The Sickness of Large Organisations

Why do large companies struggle to keep their staff engaged? Perhaps they are going about it the wrong way, writes David Bolchover.
David Bolchover
Jan 09, 2017

Every year, the Chartered Institute of Personnel and Development conducts a survey of sickness absence in the UK. And every year, we see a similar pattern emerging. Here are some statistics from 2016 on average sickness absence per employee: 1-49 employees: 4.0 days; 50-249 employees: 5.5 days; 250-999 days: 6.7 days; 1,000-4,999 employees: 8.1 days; 5,000+ employees: 9.4 days.

Sickness absence increases with the size of the company. It is true that sick pay schemes tend to be more generous in larger companies, encouraging lengthier absence. It is also true that the public sector has higher sickness absence, and its generally larger organizations may somewhat skew the results. But these may also be excuses that cloud the reality. Private industries with a preponderance of large companies, such as ‘finance, insurance and real estate’, also reported high sickness absence.

When we place these results next to available data on employee motivation according to the size of the company, a cogent narrative emerges. A 2016 Gallup survey found that workers become steadily less engaged as the company gets larger. Engagement is highest in organizations with fewer than 1000 workers, and lowest in those with more than 5000.

Big companies deflate energy and commitment. We can presume that a significant number of their workers routinely avoid turning up for work, despite being physically able to do so, because they really don’t like it. Plenty more similarly disengaged colleagues turn up, but do little and achieve less.

Many studies purport to demonstrate the impact of engagement on productivity.
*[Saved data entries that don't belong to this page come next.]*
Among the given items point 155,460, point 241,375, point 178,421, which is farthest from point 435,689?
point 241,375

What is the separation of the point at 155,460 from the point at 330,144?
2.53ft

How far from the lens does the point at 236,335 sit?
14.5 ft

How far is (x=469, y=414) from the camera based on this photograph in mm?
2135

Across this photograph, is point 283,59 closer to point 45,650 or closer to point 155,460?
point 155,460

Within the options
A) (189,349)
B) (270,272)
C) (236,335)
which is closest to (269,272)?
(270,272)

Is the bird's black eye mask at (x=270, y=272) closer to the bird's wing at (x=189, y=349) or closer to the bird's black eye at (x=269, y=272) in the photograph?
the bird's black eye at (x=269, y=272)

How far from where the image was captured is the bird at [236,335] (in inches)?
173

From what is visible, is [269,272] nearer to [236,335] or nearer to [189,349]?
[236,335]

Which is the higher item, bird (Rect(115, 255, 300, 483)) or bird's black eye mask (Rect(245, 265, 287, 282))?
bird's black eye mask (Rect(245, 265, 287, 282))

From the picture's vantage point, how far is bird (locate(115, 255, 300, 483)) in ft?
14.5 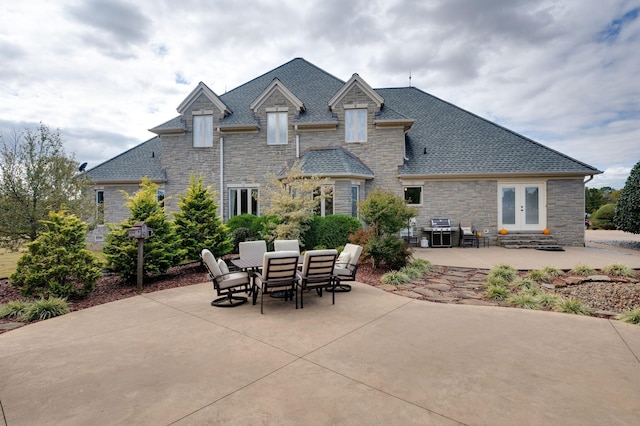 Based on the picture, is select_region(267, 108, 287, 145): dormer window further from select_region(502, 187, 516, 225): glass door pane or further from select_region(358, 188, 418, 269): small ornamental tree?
select_region(502, 187, 516, 225): glass door pane

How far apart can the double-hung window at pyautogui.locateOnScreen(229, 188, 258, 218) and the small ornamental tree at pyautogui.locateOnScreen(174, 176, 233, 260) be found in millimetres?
6398

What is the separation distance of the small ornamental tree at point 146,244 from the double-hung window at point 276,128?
876 centimetres

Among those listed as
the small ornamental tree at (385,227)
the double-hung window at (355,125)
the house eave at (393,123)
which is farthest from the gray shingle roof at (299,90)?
the small ornamental tree at (385,227)

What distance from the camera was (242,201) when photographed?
16672mm

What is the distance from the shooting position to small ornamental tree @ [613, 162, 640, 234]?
13.2 meters

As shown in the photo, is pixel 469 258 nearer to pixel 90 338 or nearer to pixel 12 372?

These inevitably draw scepticism – it is exceptionally difficult to isolate the impact of an engagement or refute the possibility that good company performance boosts engagement, not the other way round – but we know instinctively that motivated staff will generally produce more than less motivated colleagues.

Size is everything

It could be therefore that many large companies dominate their sectors not through the herculean efforts of allegedly talented employees, as they profess, but more often because they operate in an uncompetitive oligopoly. Large companies find all sorts of ways to delay this process, ranging from illegal cartels to convoluted regulation that stretch the limited resources of upstart competitors.

Eventually and inevitably, though, they become victims of Joseph Schumpeter’s ‘gale of creative destruction’, usurped by hungrier and more imaginative small companies, before the cycle is re-established.

So what can large companies do to mitigate the disadvantages of size?

  • Divide and rule. A disruptive but potentially effective way to deal with up and coming competition might be to mimic them. Keep splitting your large organisation into smaller parts. Small teams are far better at forging an identifiable purpose and identity. Reinforcing this esprit de corps should be a manager who wants to manage, leading the team with the enthusiasm of a small company boss, and incentivised to achieve team results.
  • Strengthen middle management. Many companies insist on disregarding the evidence, with news stories and experts continuing to tell us that middle managers are an unfashionable species, to be dispensed with at any given opportunity. But this is not a pointless layer of bureaucracy but should be a committed cadre of experienced people who can get things done. Companies should be seriously asking themselves whether such culls are really in their long-term best interests.
  • Promote engagement through the immediate supervisor. In their extensive annual workplace surveys, Gallup has consistently revealed the huge influence of the immediate supervisor on engagement and performance. This works at all levels of the organization. Consider these snippets from a 2015 survey: managers account for up to 70% of variance in engagement; employees who hold regular meetings with their managers are almost three times as likely to be engaged as other employees; more than half of employees who strongly agree that their managers are open and approachable are engaged, but only 2% of employees who disagree with this statement are engaged.
  • Ditch the employer brand. Abandon any pretence that you can bind tens of thousands of far-flung employees into one coherent whole, energising them with a vision of a corporate culture that is unlikely to exist at all and even less likely to be consistent. To avoid the cancer of cynicism, resist the temptation to peddle a narrative from the remote corporate hierarchy.

David Bolchover

Writer on management and the workplace. Author of three business books.